_Supplied information_:
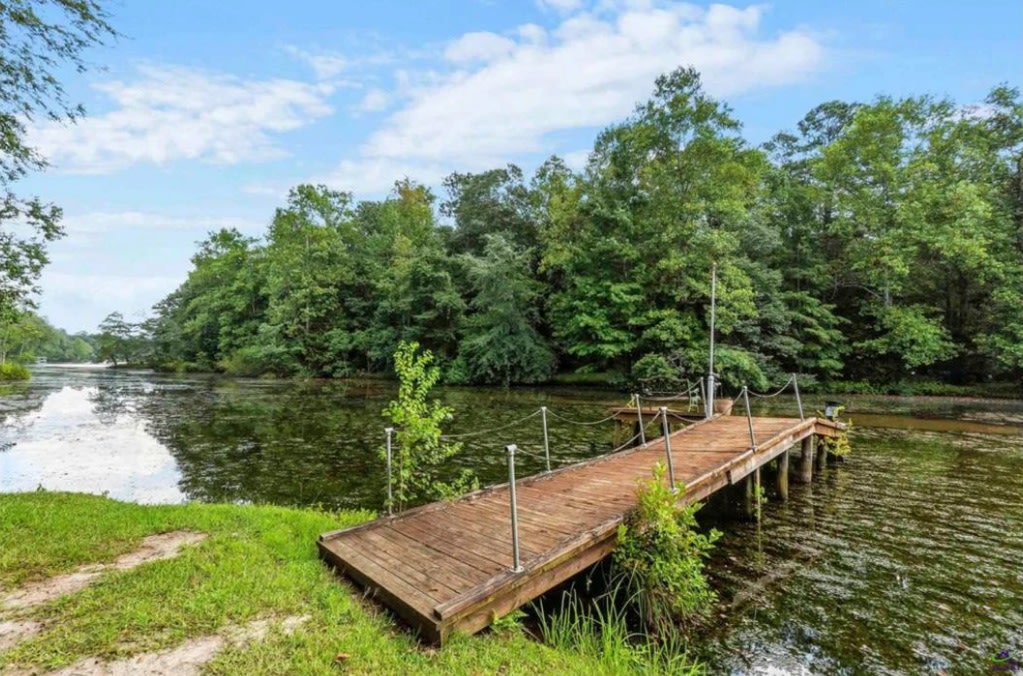 RV Site W/ Pool, Pond & Full Bath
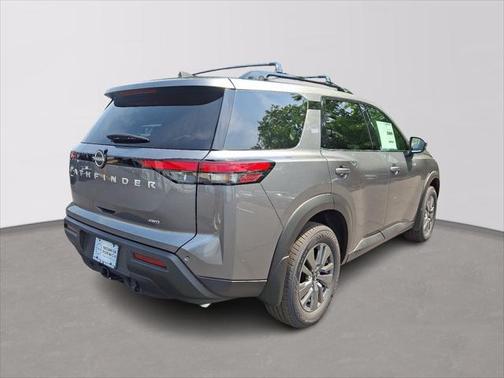 2025 Nissan Pathfinder SV 4WD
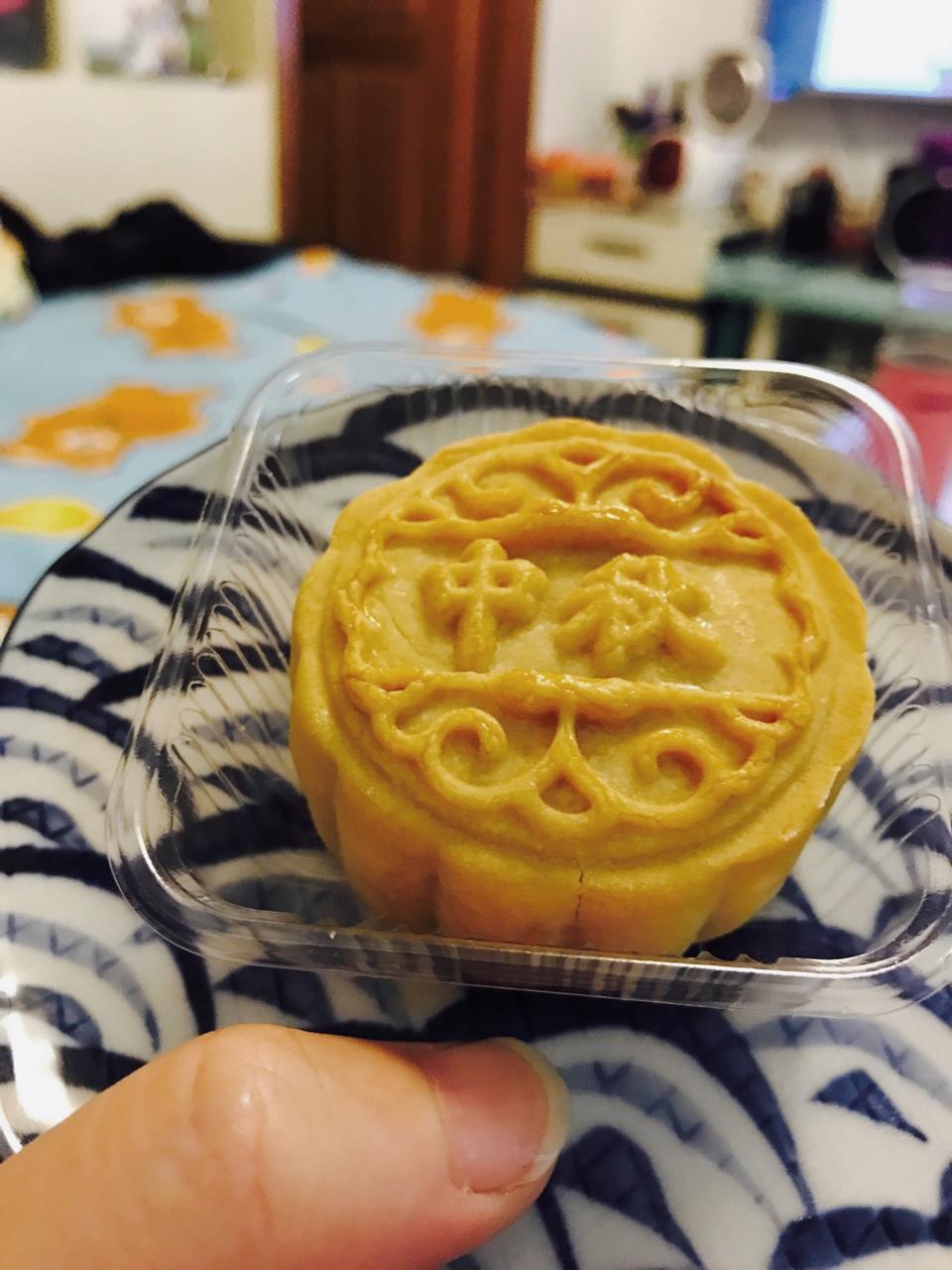 广式月饼—蛋黄莲蓉月饼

_Work instruction_:
Would it be possible to give the material above again exactly, with the pictures left out?

_Answer box_:
 RV Site W/ Pool, Pond & Full Bath
 2025 Nissan Pathfinder SV 4WD
 广式月饼—蛋黄莲蓉月饼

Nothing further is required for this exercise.